Add the ginger, take the reverse button off ans chop 4 seconds speed 7, add chilli to the TM bowl chop for 3 seconds speed 7

Pour back 20g of the reserved oil and sauté for 3 minutes varoma temp speed 1
Weigh in the sugar, fish sauce, lime juice and tamarind paste and cook for 6 minutes, varoma speed 2.
Tip into a small jug or bowl and wash out the TM bowl
The remaining oil is a beautiful seasoned basil and garlic oil for stir fries.

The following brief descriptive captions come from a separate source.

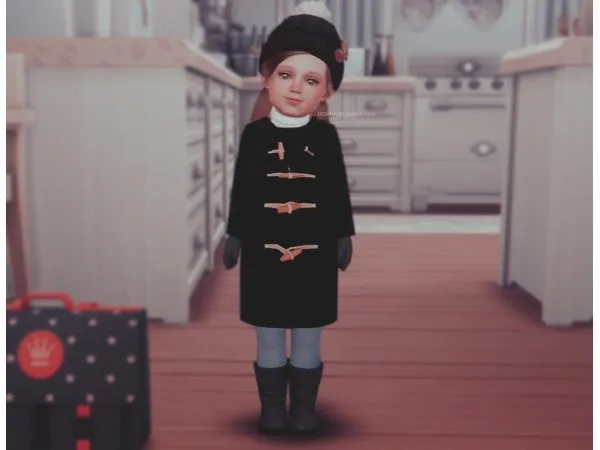 Alpha Burberry Coat Jeans by simsfinds - The Sims 4 Custom Content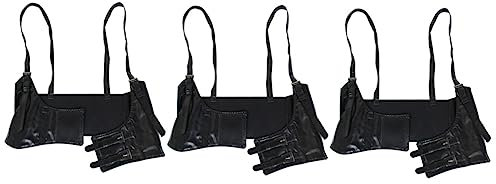 WOFASHPURET Gurtzeug 3st Körperkette Ledergürtel Für Damen Damengürtel Frauen Schnallen Sich Geschirre An Brustgurte Für Frauen Brustgeschirr Für Frauen Zubehör Extra Breit Fräulein Pu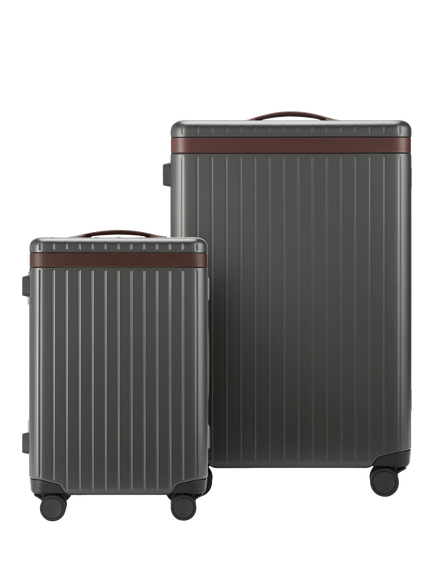 Carl Friedrik The Luggage Suitcase Set, Grey/Chocolate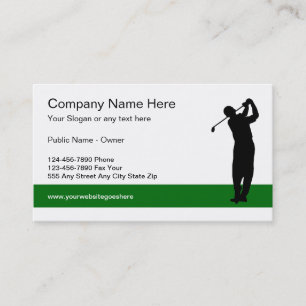 Tarjetas Business Classic de golf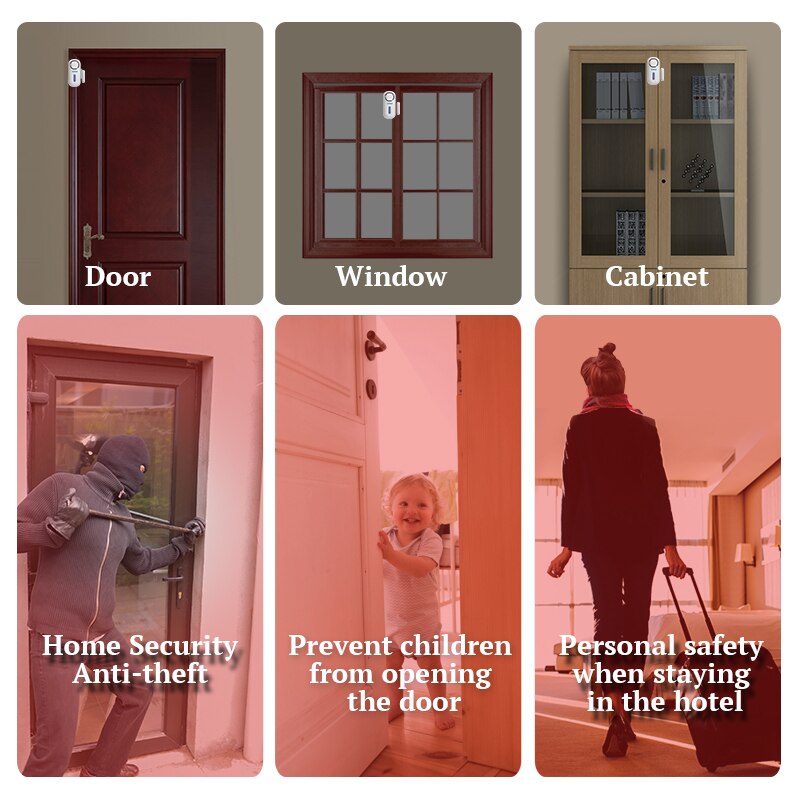 KERUI 120DB Wireless Door/Wind - Home Security Lights avaliação e preço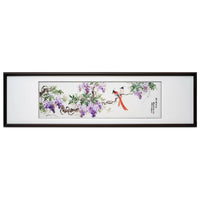 Purple Auspice-Long Wisteria Bird Wall Decor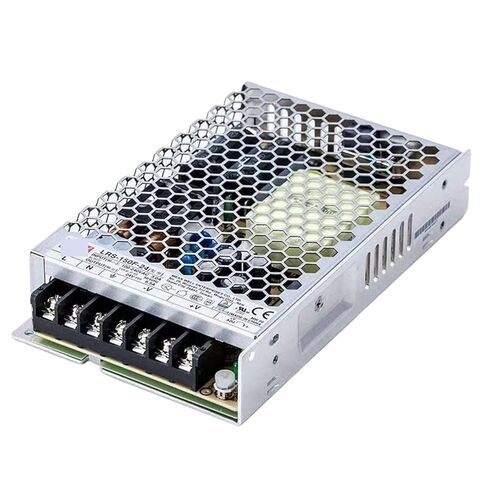 1 قطعة LRS-150F-24 85 ~ 264VAC إلى 24VDC 6.5A 156 واط إخراج واحد تحويل التيار الكهربائي Led سائق محول in Kuwait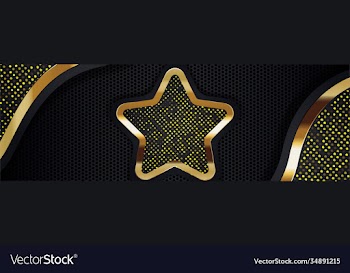 printgold banner abstract background board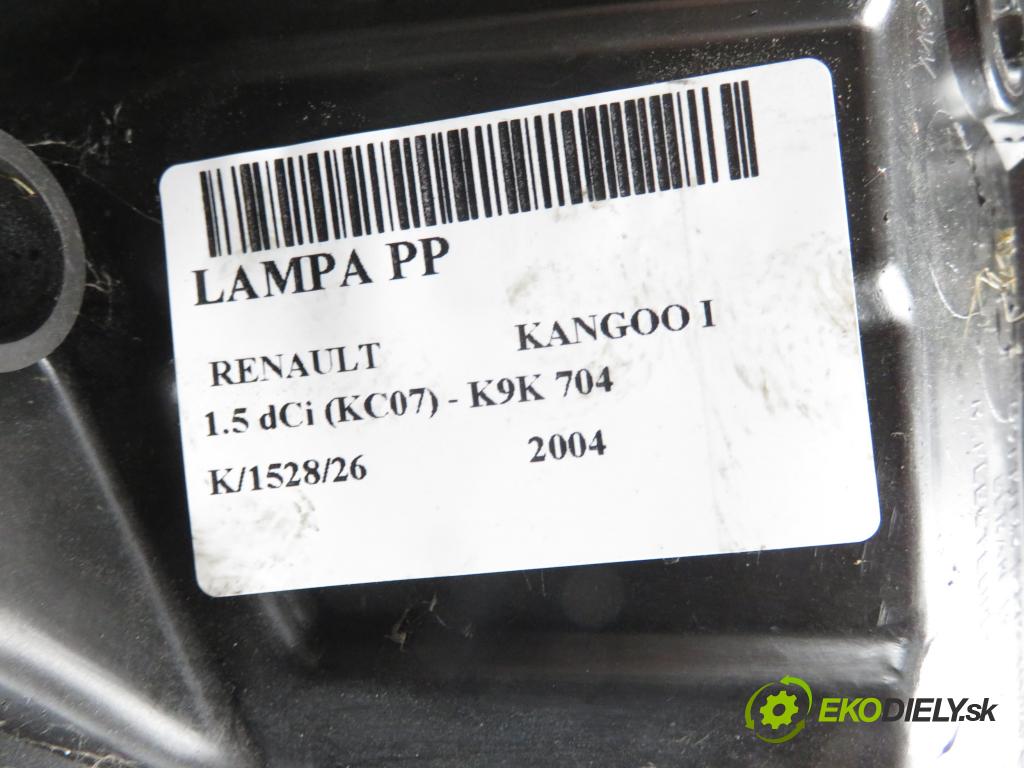 RENAULT KANGOO (KC0/1_) FURGON 2004 48,00 1.5 dCi 70 - K9K 704 1461,00 Svetlo PP 8200150617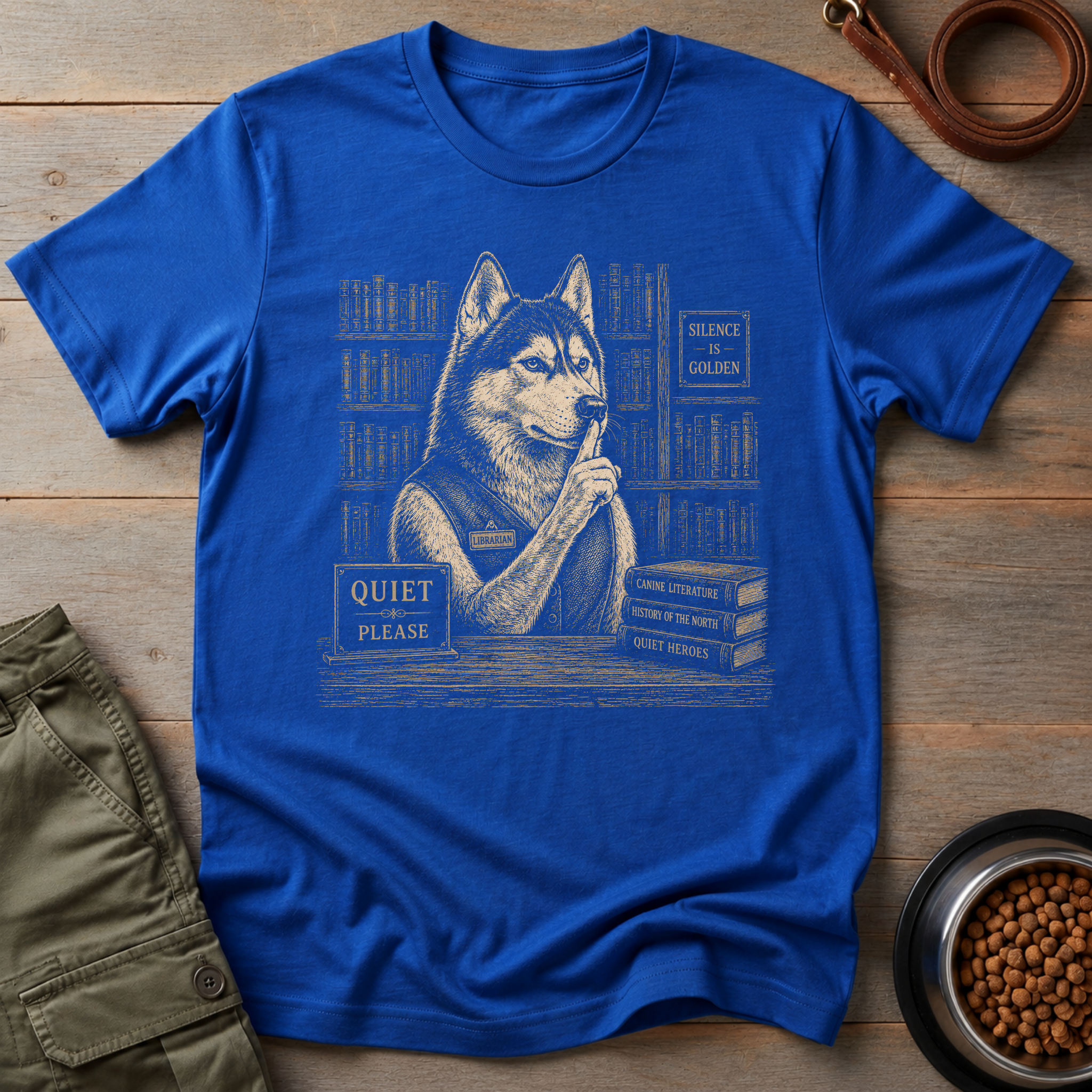 Husky the Librarian Tee
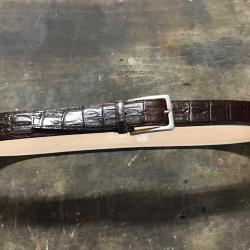 Ceinture cuir fa&ccedil;on croco
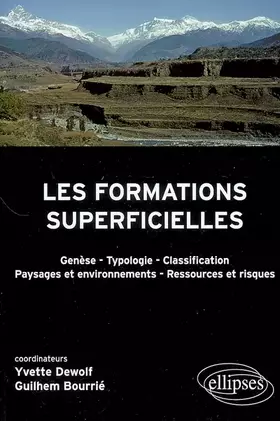 Couverture du produit · Les formations superficielles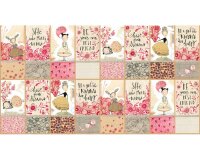 60-cm-Rapport Patchworkstoff LOVE IS SPOKEN HERE, Mädchen, Cori Dantini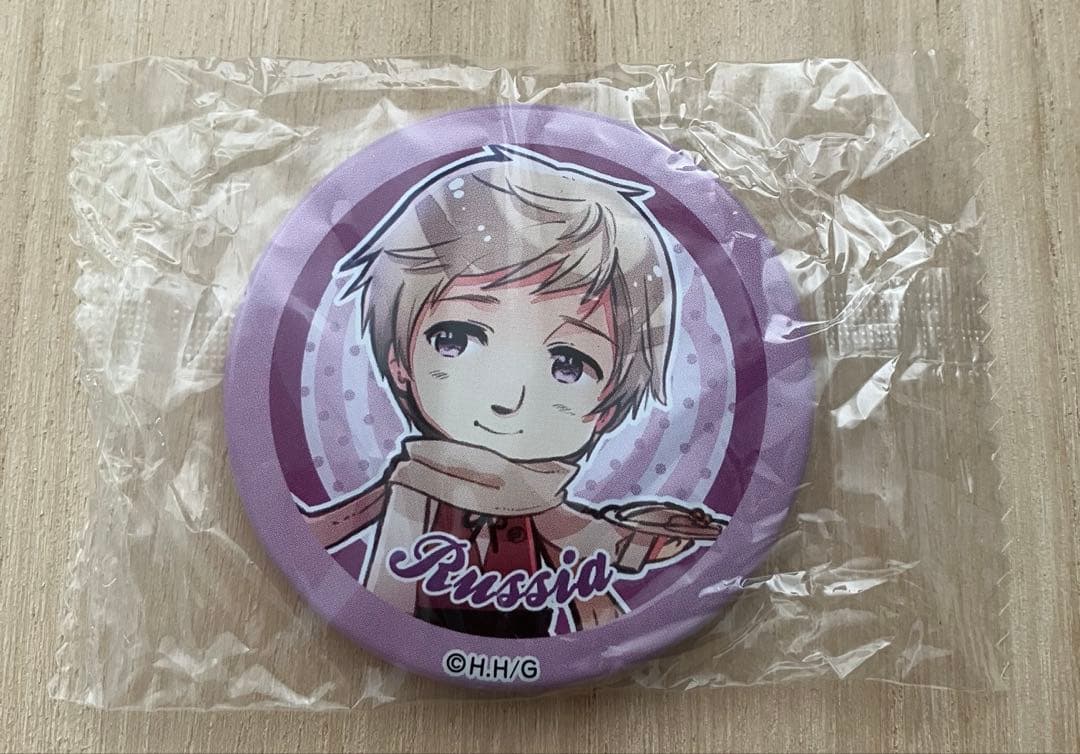 ヘタリア ロシア 缶バッジ アニカプ - メルカリ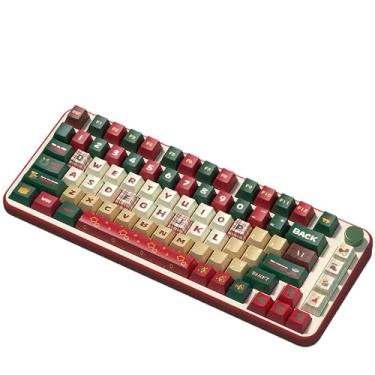Imagem de LUSKINNO Teclas PBT, 138 teclas com tema natalino Cherry Profile Dye-Sublimation, conjunto de teclas personalizadas para teclado mecânico MX 61/64/68/84/87/100/104/108 MX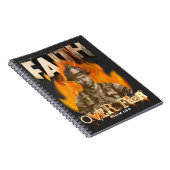 Glaube über Angst Feuerwehrmann Christlicher Glaub Notizblock (Rechte Seite)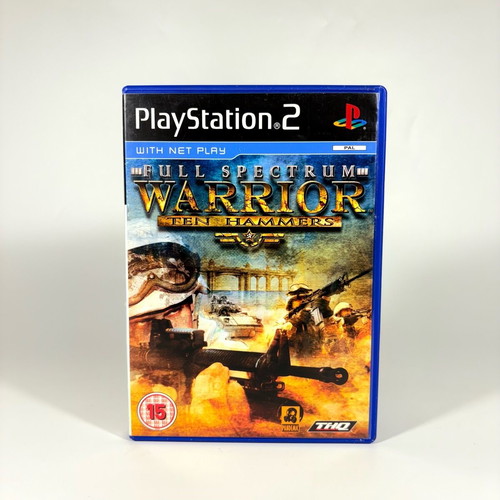 Full Spectrum Warrior Ten Hammers PS2 game used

NOTE: If you don't mind using the stove top and want to save time - you can prepare the garnishes in a pan while the fish and rice are steaming. Simply fine slice the garlic, chiffonade the chilli and grate the ginger.
Heat 1 tablespoon of oil in a wok over high heat. Add garlic and cook until golden (don't burn it or it will be bitter). Transfer to paper towel. Add 2 more tablespoons of oil and fry the basil until crispy and reserve on baking paper. Tip out all but 1 tablespoon of oil and add the ginger and chilli and stir fry for 1 minute. Then add the sugar, lime juice, tamarind and fish sauce (you may need extra tamarind, lime juice and fish sauce if cooking in a pan) and cook until syrupy. Transfer to a jug.


Fish and Sticky Rice

Season the Fish with a little of the reserved oil, salt and pepper and a little of the sticky sauce, sprinkle with half the toasted sesame seeds and wrap in the banana leaves.
Rinse out the rice, and put in the bottom tier of the Varoma, shaping into a donut to allow the steam to pass through well.
Put 1000g of water into TM bowl, set to 28 minutes, varoma speed 2

Place fish in the top layer of the Varoma, and place all levels on top of the TM.

Stir the rice 1-2 times in the cooking time.

To serve – place cooked fish on banana leaves, pour a small amount of sauce on top and sprinkle with the crunchy garlic, basil leaves, remaining sesame seeds, shallots and fresh coriander.